Exercise: Each record is to be transcribed exactly.

Dataset extract:
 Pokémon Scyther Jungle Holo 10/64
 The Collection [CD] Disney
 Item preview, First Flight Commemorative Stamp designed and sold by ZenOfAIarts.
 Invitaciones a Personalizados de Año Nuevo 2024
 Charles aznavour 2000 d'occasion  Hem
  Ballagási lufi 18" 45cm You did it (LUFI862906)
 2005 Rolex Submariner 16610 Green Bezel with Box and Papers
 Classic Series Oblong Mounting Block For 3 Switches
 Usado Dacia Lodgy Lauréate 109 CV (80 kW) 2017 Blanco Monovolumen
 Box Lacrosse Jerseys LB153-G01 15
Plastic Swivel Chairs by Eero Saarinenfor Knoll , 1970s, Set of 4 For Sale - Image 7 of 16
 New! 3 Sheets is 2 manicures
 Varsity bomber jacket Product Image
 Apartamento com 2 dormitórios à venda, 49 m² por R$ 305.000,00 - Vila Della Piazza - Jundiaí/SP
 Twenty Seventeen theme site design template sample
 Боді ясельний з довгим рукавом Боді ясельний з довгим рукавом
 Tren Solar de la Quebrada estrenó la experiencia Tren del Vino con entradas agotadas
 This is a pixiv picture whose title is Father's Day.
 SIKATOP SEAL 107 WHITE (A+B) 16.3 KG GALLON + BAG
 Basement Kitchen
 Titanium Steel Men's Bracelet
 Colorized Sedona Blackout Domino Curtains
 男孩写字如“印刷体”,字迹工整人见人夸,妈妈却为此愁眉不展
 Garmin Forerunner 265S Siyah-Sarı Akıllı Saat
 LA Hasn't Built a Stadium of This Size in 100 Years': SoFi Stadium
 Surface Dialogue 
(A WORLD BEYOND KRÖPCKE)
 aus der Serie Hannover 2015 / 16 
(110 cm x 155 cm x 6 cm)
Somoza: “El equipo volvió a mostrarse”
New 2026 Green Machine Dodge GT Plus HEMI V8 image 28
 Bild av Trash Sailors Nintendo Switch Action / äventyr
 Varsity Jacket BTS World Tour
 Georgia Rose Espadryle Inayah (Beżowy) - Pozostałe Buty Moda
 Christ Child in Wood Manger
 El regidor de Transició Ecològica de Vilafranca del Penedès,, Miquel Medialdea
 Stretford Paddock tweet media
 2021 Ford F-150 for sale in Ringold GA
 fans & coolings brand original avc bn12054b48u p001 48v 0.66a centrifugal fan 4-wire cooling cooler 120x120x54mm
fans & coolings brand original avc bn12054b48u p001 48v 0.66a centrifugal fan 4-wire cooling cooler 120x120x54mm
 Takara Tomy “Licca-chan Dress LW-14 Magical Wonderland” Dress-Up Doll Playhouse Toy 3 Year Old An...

Your response:
 Pokémon Scyther Jungle Holo 10/64
 The Collection [CD] Disney
 Item preview, First Flight Commemorative Stamp designed and sold by ZenOfAIarts.
 Invitaciones a Personalizados de Año Nuevo 2024
 Charles aznavour 2000 d'occasion  Hem
  Ballagási lufi 18" 45cm You did it (LUFI862906)
 2005 Rolex Submariner 16610 Green Bezel with Box and Papers
 Classic Series Oblong Mounting Block For 3 Switches
 Usado Dacia Lodgy Lauréate 109 CV (80 kW) 2017 Blanco Monovolumen
 Box Lacrosse Jerseys LB153-G01 15
Plastic Swivel Chairs by Eero Saarinenfor Knoll , 1970s, Set of 4 For Sale - Image 7 of 16
 New! 3 Sheets is 2 manicures
 Varsity bomber jacket Product Image
 Apartamento com 2 dormitórios à venda, 49 m² por R$ 305.000,00 - Vila Della Piazza - Jundiaí/SP
 Twenty Seventeen theme site design template sample
 Боді ясельний з довгим рукавом Боді ясельний з довгим рукавом
 Tren Solar de la Quebrada estrenó la experiencia Tren del Vino con entradas agotadas
 This is a pixiv picture whose title is Father's Day.
 SIKATOP SEAL 107 WHITE (A+B) 16.3 KG GALLON + BAG
 Basement Kitchen
 Titanium Steel Men's Bracelet
 Colorized Sedona Blackout Domino Curtains
 男孩写字如“印刷体”,字迹工整人见人夸,妈妈却为此愁眉不展
 Garmin Forerunner 265S Siyah-Sarı Akıllı Saat
 LA Hasn't Built a Stadium of This Size in 100 Years': SoFi Stadium
 Surface Dialogue 
(A WORLD BEYOND KRÖPCKE)
 aus der Serie Hannover 2015 / 16 
(110 cm x 155 cm x 6 cm)
Somoza: “El equipo volvió a mostrarse”
New 2026 Green Machine Dodge GT Plus HEMI V8 image 28
 Bild av Trash Sailors Nintendo Switch Action / äventyr
 Varsity Jacket BTS World Tour
 Georgia Rose Espadryle Inayah (Beżowy) - Pozostałe Buty Moda
 Christ Child in Wood Manger
 El regidor de Transició Ecològica de Vilafranca del Penedès,, Miquel Medialdea
 Stretford Paddock tweet media
 2021 Ford F-150 for sale in Ringold GA
 fans & coolings brand original avc bn12054b48u p001 48v 0.66a centrifugal fan 4-wire cooling cooler 120x120x54mm
fans & coolings brand original avc bn12054b48u p001 48v 0.66a centrifugal fan 4-wire cooling cooler 120x120x54mm
 Takara Tomy “Licca-chan Dress LW-14 Magical Wonderland” Dress-Up Doll Playhouse Toy 3 Year Old An...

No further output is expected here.